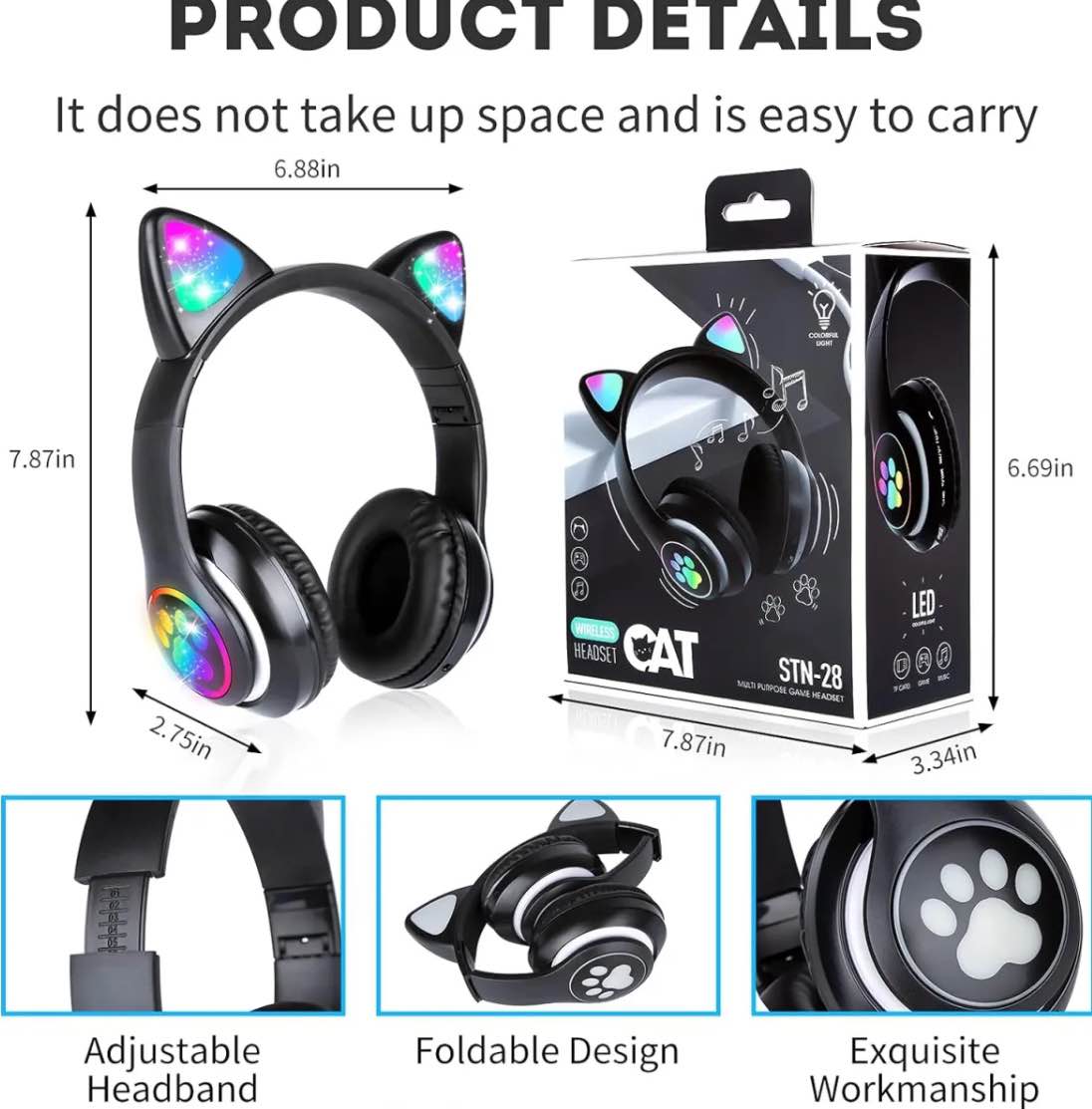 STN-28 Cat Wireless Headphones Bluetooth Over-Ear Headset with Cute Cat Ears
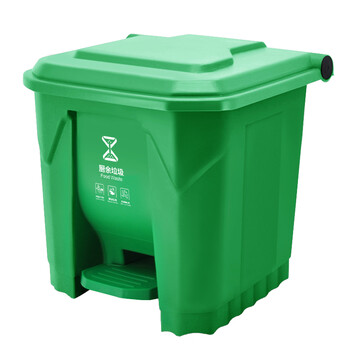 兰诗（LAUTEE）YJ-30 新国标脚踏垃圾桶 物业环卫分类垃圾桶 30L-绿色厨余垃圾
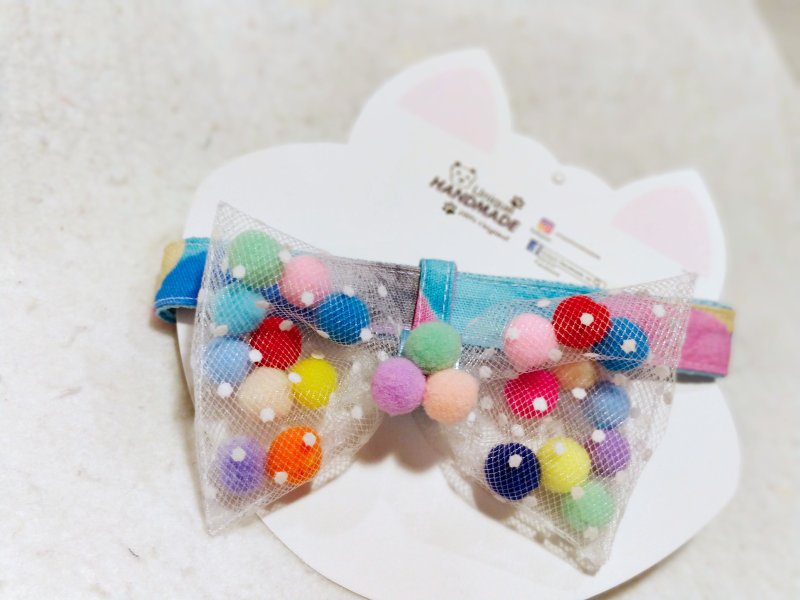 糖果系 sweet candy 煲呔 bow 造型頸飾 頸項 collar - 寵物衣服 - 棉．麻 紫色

------------------------------------------------------------

» **What this task involves**: Please copy out the whole listing exactly as it stands, minus the pictures.

» **Response to the task**:
 STN-28 Cat Wireless Headphones Bluetooth Over-Ear Headset with Cute Cat Ears
 兰诗（LAUTEE）YJ-30 新国标脚踏垃圾桶 物业环卫分类垃圾桶 30L-绿色厨余垃圾
 糖果系 sweet candy 煲呔 bow 造型頸飾 頸項 collar - 寵物衣服 - 棉．麻 紫色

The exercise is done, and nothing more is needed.